According to commonly cited market principles, if demand for a product falls and its supply remains unchanged, it leads to a fall in price. This is exactly what happened on March 9.

Key oil producers in the world, OPEC+ (Organization of the Petroleum Exporting Countries and Russia), have been unable to agree on a reduction in oil production in order to ensure that its supply meets demand and does not lead to lower prices. This is firstly due to the position of the Russian Federation, which refused to gradually reduce oil exports. As a result, on March 9, oil prices fell by 30%.

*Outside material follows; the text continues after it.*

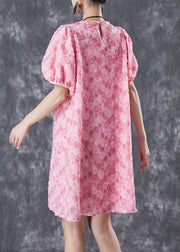 Beautiful Pink Floral Silk Mid Dresses Puff Sleeve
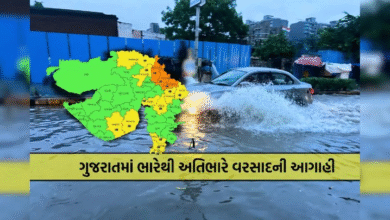 ગુજરાતમાં આગામી પાંચ દિવસ ભારેથી અતિભારે વરસાદ પડવાની સંભાવના હવામાન વિભાગે વ્યક્ત કરી છે.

The decline in prices has been made worse by Saudi Arabia's statements about ramping up the country's oil production following the failure of OPEC and Russia talks. According to Bloomberg, such actions mark the beginning of Saudi Arabia's "price war" with Russia for the European market. Thus the Arabian kingdom is trying to bring Russia back to the negotiating table to reduce oil production.

Black Monday for Russia

Oil and gas constitute more than 50% of Russia's exports. That is, half of Russia’s foreign exchange earnings from trade depends on prices for energy resources. If they fall, it causes the Russian ruble to fall. On the morning of March 9, the dollar in Russia reached its maximum level since 2016 -- 74 rubles per dollar (in total, falling by 10%). The euro also reach its 4-year high at 84 rubles.

Shares of the largest Russian companies traded on the global stock exchanges have reacted to the fall in oil prices (since March 9 was a public holiday in Russia). Thus, Gazprom and Rosneft's shares on the London Stock Exchange lost a quarter of their value and Novatek, Russia’s second-largest gas producer, lost over a third. Russia’s financial sector was also affected by the crisis: Sberbank and VTB banks’ shares fell by more than 20% in a single day.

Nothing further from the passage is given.